The gift in tragedy

By Naomi Friedman, Opinion Editor

It is in the wake of such tragic and shocking occurrences that the concept of Life partakes another meaning. It is when we must face the facts, once we get slapped in the face that our thoughts finally reorder themselves. The fear, the enigma of death, a question that through hard work and dedication we were finally able to suppress, suddenly comes back to the surface and to every headline.

And it is then that the shock becomes real. Are we so compassionate that we mourn the death of others? Or are we honest enough to admit that it is of our own future that we worry about? We finally realize how much life really does hang only by a thread. We realize that we master neither the day nor the hour when that thread will give way.

2,977 is the official number of those whose lives were lost that day. 2,977 human beings whose thread gave way without warning. What if it had been me? What if it had been a loved one?

The separation and the emptiness, which may come with death, haunted the United States and with them the whole world. It felt as if all of a sudden the invincible had been defeated; as if the heroes had fallen; as if the myth of the American Superpower had, in the course of a few hours, shattered.

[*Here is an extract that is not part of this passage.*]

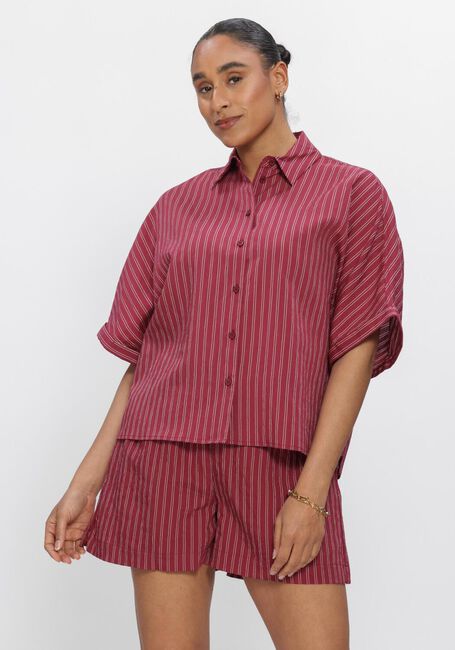 Rote CATWALK JUNKIE Blusen STRIPED SHORT SLEEVE BLOUSE - large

I was six years old and was living in Paris, France, when the towers fell. It is said that my mother was on a business trip to Sweden that week, but I do not remember the day of September 11, 2001, as terrible as it was. However, I will never forget the thick glossy book in memory of this event in a language I didn’t know how to read yet that remained on my American grandmother’s coffee table for months. At every visit, I would spend hours by that table observing history in photographs, fascinated. The sight of the flames and the black dots of men in the open air, falling, haunted me and made me ponder about my own actions if I had been in their situation.

I remember always asking my grandmother to tell me the story behind these images. And in spite of my young age, all seemed so real and tangible. I wondered what it was like to know you were about to die. I wondered if I would miss my family. And many times I woke up in the middle of the night with tears in my eyes because in my dreams my mother had died, my father disappeared, and my siblings and I were going to be sent off to foreign homes, and I hadn’t yet said Je t’aime to those I would never see again.

Je t’aime. Do you know it? Do you say it? Do you write it? If 76 and 81 are the ages an average U.S. citizen, men and women respectively, is expected to live, according to the Social Security website, how many of those 2,977 individuals reached that statistic? Few had the chance to say a last goodbye when too many just left without a word.

Among the millions of those who passed customs in the airport and boarded thousands of planes on that Tuesday, how many had thought about the possible end of their sojourn in the next hours? How many of them left their homes forgiving their past? Had they told a last joke to their daughter? Had they told their son how proud they were? Had they expressed their feelings explicitly enough to their spouse? What had been their last argument like? Did they realize that they would never land alive? 

Traveling – by plane, by train or by car – has become such common activity. But life, life that begins as a seed, is nothing but common. Life is unique, short, and hangs only by a thread – so may every instant be lived as the last one; may each moment be valuable; may each second count. Disasters will keep accumulating, but maybe we can allow ourselves to see hope in these tragedies and perceive all of the 9/11s of the worldas reminders of what we all – Americans, Europeans, Arabs, Asians, Africans, Latinos – know to be true: life is a fragile, fragile gift.